Top of RAW DATA

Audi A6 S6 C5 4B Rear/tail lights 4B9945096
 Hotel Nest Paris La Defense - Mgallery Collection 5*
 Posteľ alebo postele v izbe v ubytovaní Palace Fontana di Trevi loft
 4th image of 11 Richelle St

Bottom of RAW DATA

### TASK BRIEF
Character for character, output the whole material above.

### SOLUTION FOR THIS TASK
Audi A6 S6 C5 4B Rear/tail lights 4B9945096
 Hotel Nest Paris La Defense - Mgallery Collection 5*
 Posteľ alebo postele v izbe v ubytovaní Palace Fontana di Trevi loft
 4th image of 11 Richelle St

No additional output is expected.